_Problem to solve:_ Copy the data that follows exactly, and include none of its images.

_Information provided:_
--- START ---
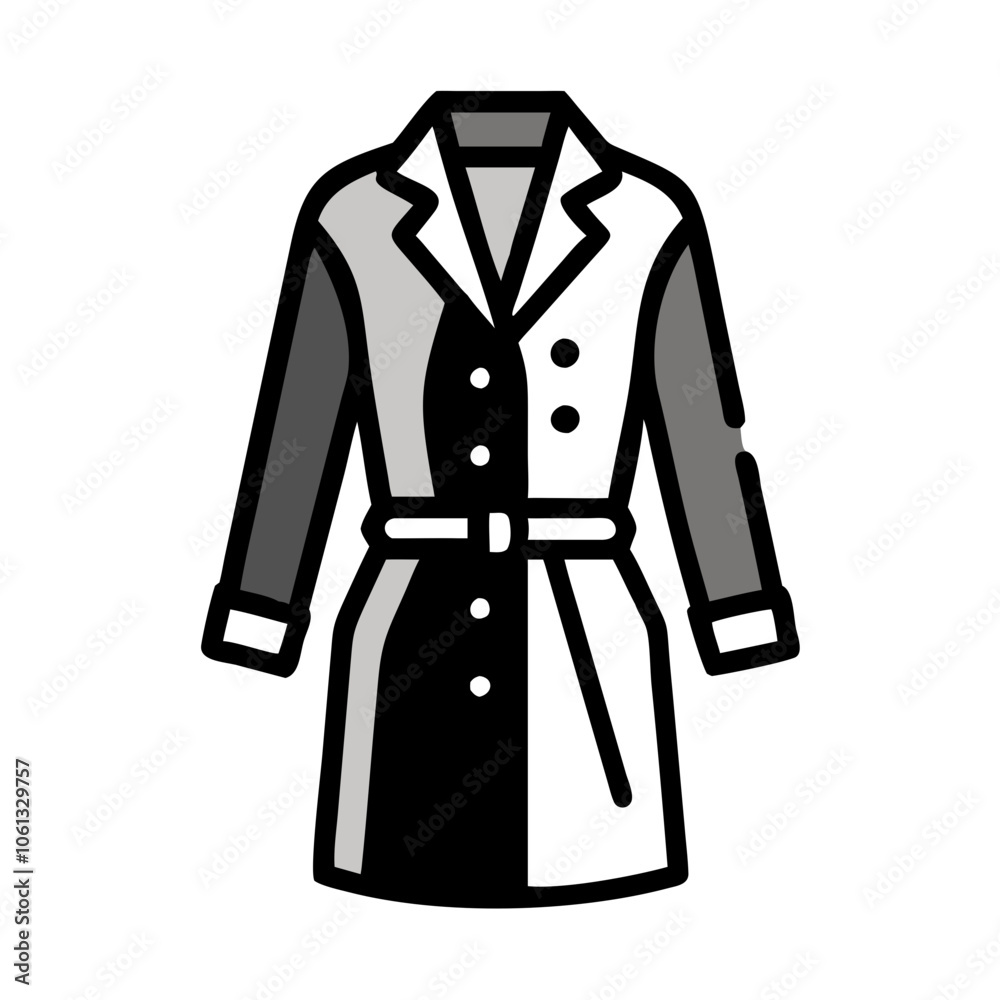 trench coat vector icon, dress icon, vector clothing icon - simple vector illustration of a trench coat , in a simple and clean style, for business and fashion graphics. clothing flat illustration. trench coat vector icon, dress icon, vector clothing icon - simple vector illustration of a trench coat , in a simple and clean style, for business and fashion graphics. clothing flat illustration.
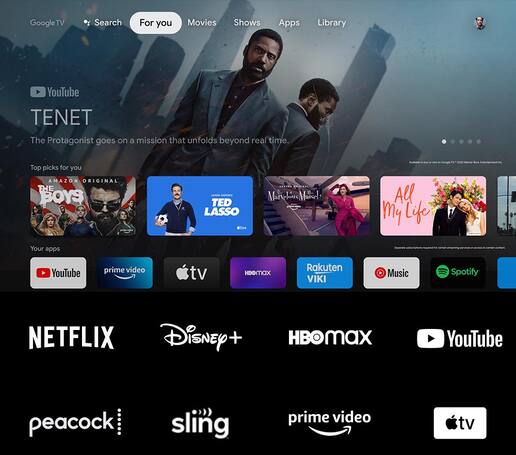 TV screen with streaming apps below it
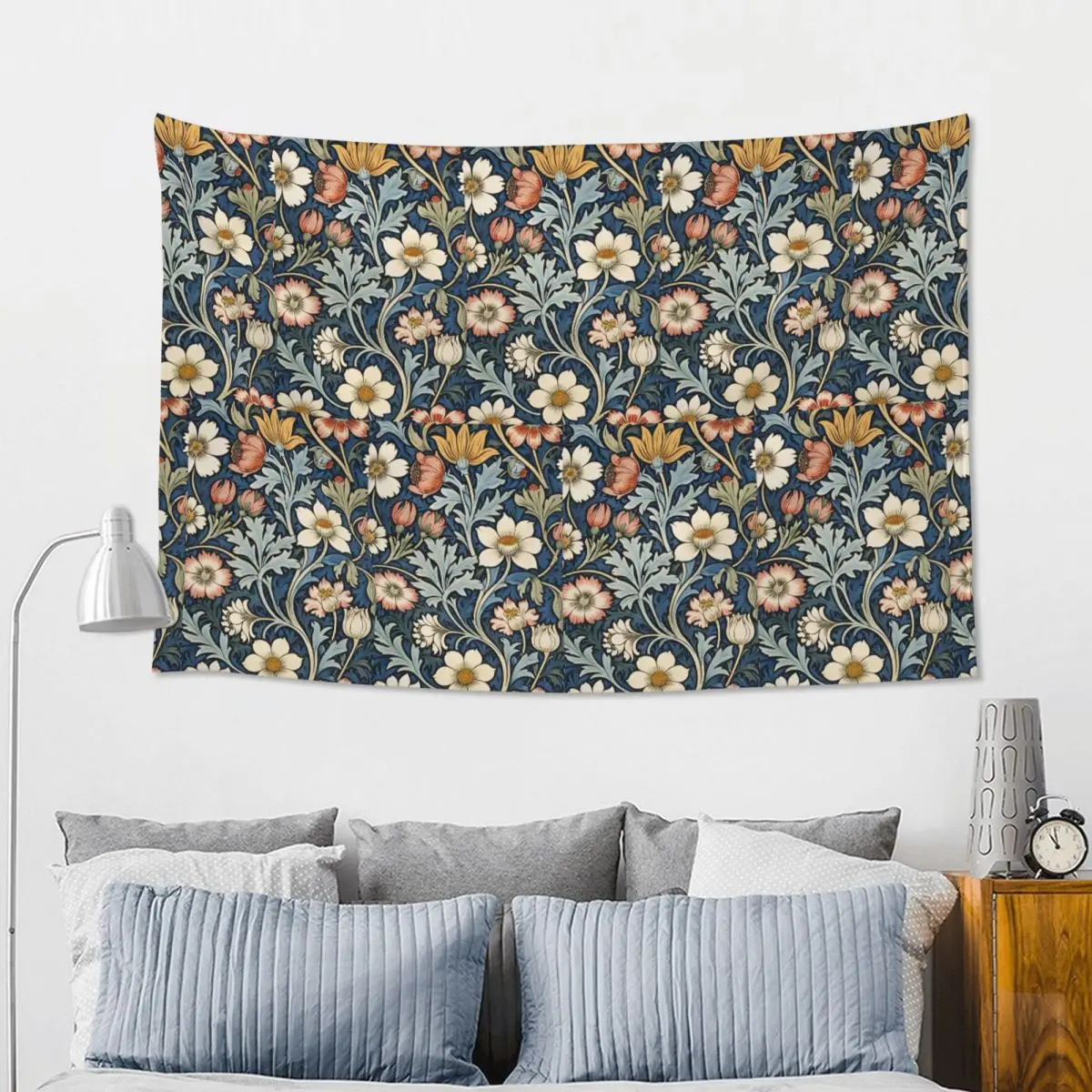 Framed William Morris Botanical Bliss Tapestry Hippie Wall Hanging Aesthetic Home Decor Tapestries for Living Room  Dorm Room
--- END ---
_Exercise result:_
 trench coat vector icon, dress icon, vector clothing icon - simple vector illustration of a trench coat , in a simple and clean style, for business and fashion graphics. clothing flat illustration. trench coat vector icon, dress icon, vector clothing icon - simple vector illustration of a trench coat , in a simple and clean style, for business and fashion graphics. clothing flat illustration.
 TV screen with streaming apps below it
 Framed William Morris Botanical Bliss Tapestry Hippie Wall Hanging Aesthetic Home Decor Tapestries for Living Room  Dorm Room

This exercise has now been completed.